An Orchestra Endures in Troubled Iraq

Iraq has lived with death and destitution for decades, and once again finds itself on the brink of possible war. That the country still has a cultural life might seem counterintuitive. But it does.

There are plays, poetry readings, art galleries — and a functioning symphony orchestra.

For 28 years, Abdul Razzak al-Aazzaui has conducted the Iraqi National Symphony Orchestra — even when the chaos of this country has affected him in the most personal of ways.

In 1985, during the Iran-Iraq war, a bomb hit his house.

"My house was destroyed completely and I lost my two children, a boy and girl," said al-Aazzaui.

He was back at work in a matter of months.

"Whatever happened to me," he said, "I never stop working with the music. I love it.

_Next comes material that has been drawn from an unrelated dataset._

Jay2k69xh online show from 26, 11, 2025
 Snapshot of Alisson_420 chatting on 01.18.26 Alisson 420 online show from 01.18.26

Just like that."

A Dedicated Following

Al-Aazzaui's 50 musicians share his matter-of-fact devotion.

The government pays them, but the salary is so small they all have to work second jobs.

Anny Cleminian, who plays violin, is a lab technician.

Lance Joseph, who plays bassoon, is a teacher.

And Emad Yosif Jamil, the singer, has a coffee business.

"We are defying these sanctions and these wars with this music," said Jamil. "We don't want this orchestra to die. We'd like it to continue."

A Few Hours of Happiness

International sanctions make it hard for al-Aazzaui to find sheet music and trained musicians.

But audience members, who pay $1 a ticket, have embraced the symphony.

"Life has to go on," said one woman from the audience. "We have to hear music. This is it. Life has to go on."

For these people, for a few hours at least, music means happiness.